A Torino il locale di culto valdese diventerà un centro di utilità sociale
20 luglio 2015
La testimonianza evangelica in azione verso giovani e migranti con un nuovo servizio in Barriera di Milano, uno dei quartieri più problematici della città
La porta rimane chiusa, nonostante i numerosi tentativi: impossibile entrare nei locali della chiesa evangelica valdese di via Nomaglio. Un cattivo presagio? No, piuttosto il segno di quello che dovrà essere il nuovo «Spazio Nomaglio»: non concentrato su se stesso, ma proiettato verso l’esterno, immerso in quel quartiere, barriera di Milano, che evoca scenari problematici; in quella folla multicolore e multilingue che ci passa davanti mentre dialoghiamo seduti nel dehor di un bar.
Siamo in otto: Massimo Long, diacono nella Chiesa valdese di Torino; Silvia Torresin, psicologa e psicoterapeuta, responsabile del progetto; Berthin Nzonza, mediatore culturale nella Chiesa valdese di Torino e presidente dell’associazione «Mosaico», e alcuni giovani della stessa chiesa.
Ci troviamo in un quartiere di migrazioni stratificate, che hanno dato origine a una realtà viva, ricca di contraddizioni, con un alto tasso di immigrazione e di disoccupazione.
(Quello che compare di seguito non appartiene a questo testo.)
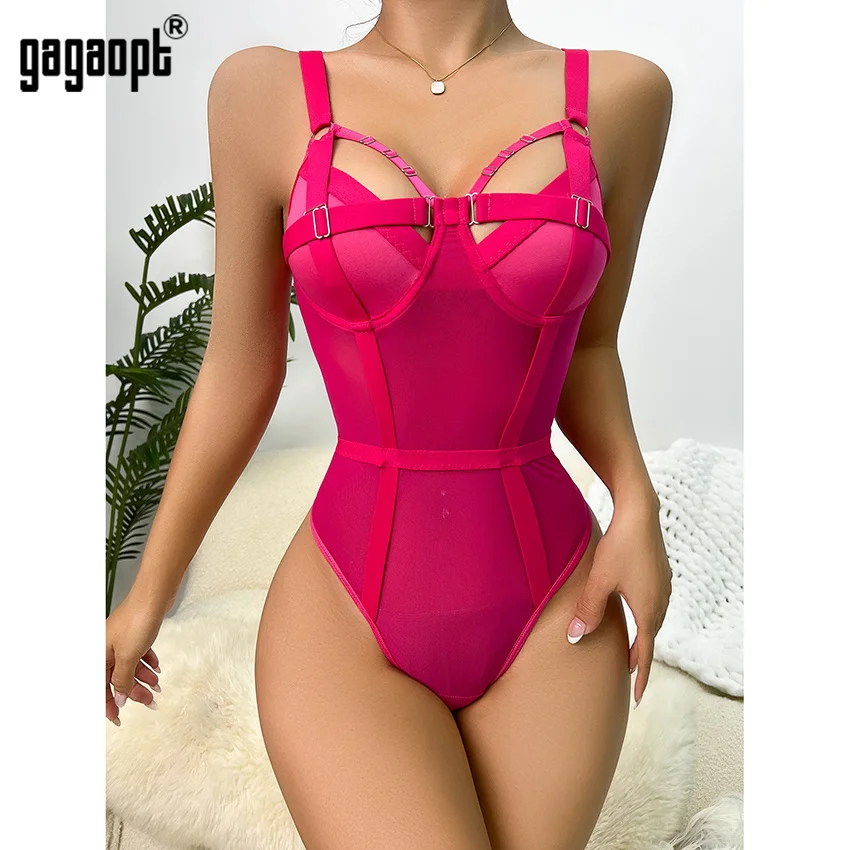 Gagaopt Bandage Bodysuit Hollow Out Sexy Porn Underwear Women Body Uncensored One-Pieces Sissy Exotic Costumes Teddy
Negli anni Cinquanta e Sessanta gli immigrati arrivavano dal sud Italia, oggi arrivano dal sud del mondo: ieri come oggi la chiesa valdese si è attivata per creare uno spazio di testimonianza e di accoglienza.
In quello che fino a pochi anni fa era il quarto locale di culto valdese di Torino, aperto proprio per rispondere all’aumento della popolazione valdese negli anni del boom economico, sta per nascere un nuovo luogo di incontro, un polo per attività molteplici, grazie a un progetto elaborato in cooperazione fra la Chiesa valdese di Torino e la Csd-Diaconia valdese.
Al termine dei lavori di ristrutturazione si avrà un grande spazio multifunzionale con pareti mobili e un ufficio con angolo cucina, e in settembre il centro aprirà ufficialmente, ospitando sia iniziative che già si svolgono nel quartiere, sia nuove attività.
L’idea infatti, spiega Silvia Torresin, è far rivivere questi locali come spazio aperto alla cittadinanza, sensibilizzando gli abitanti su questo tema, per rispondere a un effettivo bisogno di luoghi e occasioni di incontro affiancandosi ad altre iniziative come quella dei Bagni pubblici di via Agliè, una delle nove Case del quartiere della città.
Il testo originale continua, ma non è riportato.